We need to find all numbers co-prime to 1000, but less than 500, using Euler's totient function ( $\phi$ ) on 1000 would give us numbers greater than 500, thus, to find out the answer, we will compute $\phi (500)$ . In the short: The totient function is simply then number times 1-1/each prime factor multiplied out and it finds the number of numbers less then n coprime to n.

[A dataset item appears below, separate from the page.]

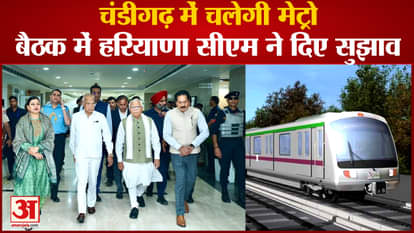 Metro Will Run In Chandigarh Punjab Governor Meet With Punjab And Haryana CM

$\boxed{\phi{500}=500(1-\frac{1}{2})(1-\frac{1}{5})=200}$

We have that the set of these rational numbers is from $\frac{1}{999}$ to $\frac{499}{501}$ where each each element $\frac{n}{m}$ has $n+m =1000$ and $\frac{n}{m}$ is irreducible.

We note that $\frac{n}{m} =\frac{1000-m}{m}=\frac{1000}{m}-1$ . Hence, $\frac{n}{m}$ is irreducible if $\frac{1000}{m}$ is irreducible, and $\frac{1000}{m}$ is irreducible if $m$ is not divisible by $2$ or $5$ . Thus, the answer to the question is the number of integers between $999$ and $501$ inclusive that are not divisible by $2$ or $5$ .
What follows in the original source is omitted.